I picked up a small piece of bark and tossed it into the water. It made a hole in the floating algae plants before closing around the breech. I found that curiously relaxing. “You’re a pretty girl. I’m worried about sexual assaults in the Air Force.” I said. “I’m a protective Dad.”
“I’m also not sure they will accept you with the nut allergy. So, you should keep your options open.” I told her, “LVN school is a yearlong, and you’ll make decent money at a young age. It’s tough, however. Maybe you should get more work experience before going down that road.”

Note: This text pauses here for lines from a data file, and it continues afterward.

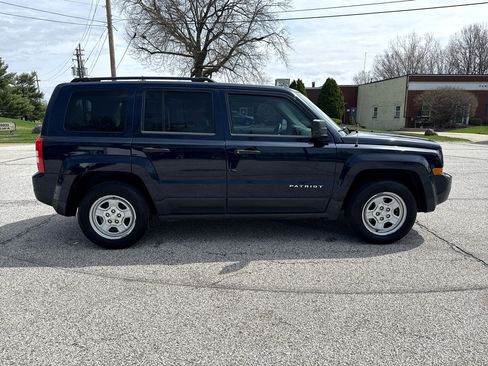 Used 2014 Jeep Patriot Sport image 4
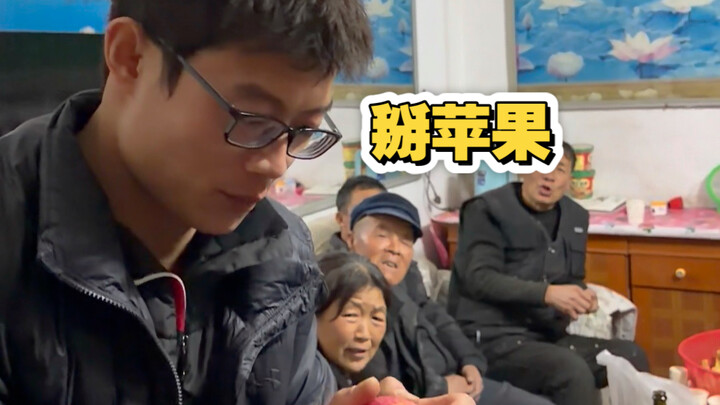 Chị tôi: Làm sao chia một quả táo cho 8 người? Tôi: Mời xem VCR!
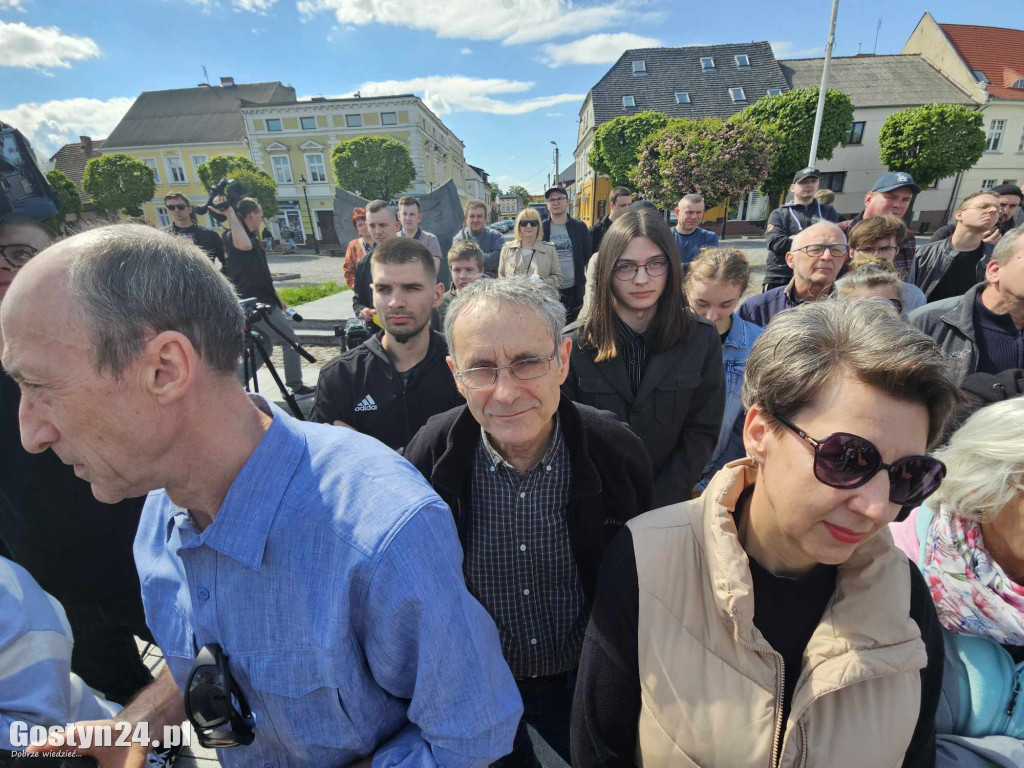 Krzysztof Bosak na rynku w Gostyniu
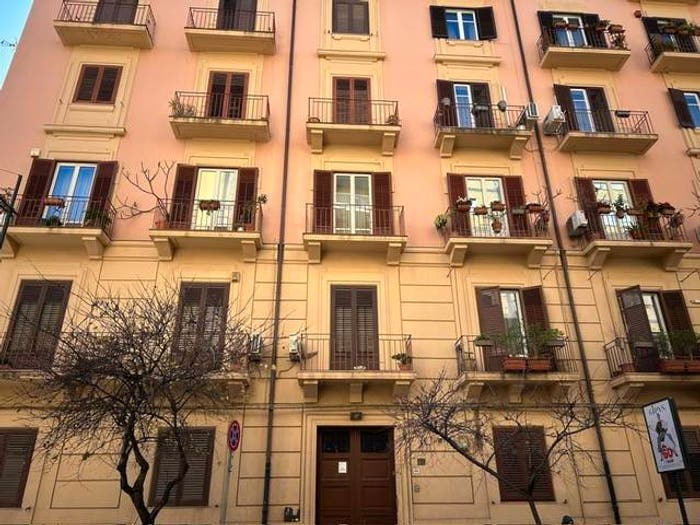 Appartamento con 5 locali in vendita in Via Giacomo Cusmano, Politeama Ruggiero Settimo, Palermo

We talked for a while on that hill overlooking the green algae-covered gracht. Dauphine and I had grown apart the last few years, exacerbated by my infidelity and leaving Karen. Zöe came to live with me while Karen was in LVN school, and I only saw Dauphine a few times per year. Since I moved back from Virginia and then to Europe, Dauphine and I had become closer. She needed a father. I was done being crazy. I was done being a selfish asshole. What I did could never be undone, but I could try and repair some of the damage and live an honorable life.
If Karen and I ended up not working out, we would have put in the effort. We had a lifetime of memories and were making more. Making memories is the key to a happy life together, and we’ve made plenty in the last few years even though we weren’t together. We vacationed with the kids. Karen and Dauphine would fly out to Virginia when I lived there, and I would take them to DC, New York, Philadelphia, Baltimore, and Monticello. We were both with different people, but we still had our connection in many ways. Not a sexual connection, we were faithful to our partners. We eventually found ourselves to be single again after experiencing toxic relationships. I mentioned in passing that we should get back together since we have similar world views and get along well when adventuring. We both decided we wanted to be better people. That effort brought them to Europe, and I sat in a forest reconnecting with my oldest daughter. After talking, we got up and shuffled down the hill to find Karen and Zöe. It was twilight, and we were far from home. Karen was in a swing watching Zöe, lost in thought.
𝐅𝐨𝐫𝐭𝐇𝐨𝐨𝐝, 𝐓𝐞𝐱𝐚𝐬, August 𝟏𝟗𝟗𝟕
I laid my helmet onto the concrete loading dock and rubbed my head, wet with sweat. We had been fighting fires caused by tracer rounds on our .50 caliber machine guns. We were at the Scout gunnery range under the hot Texas sun.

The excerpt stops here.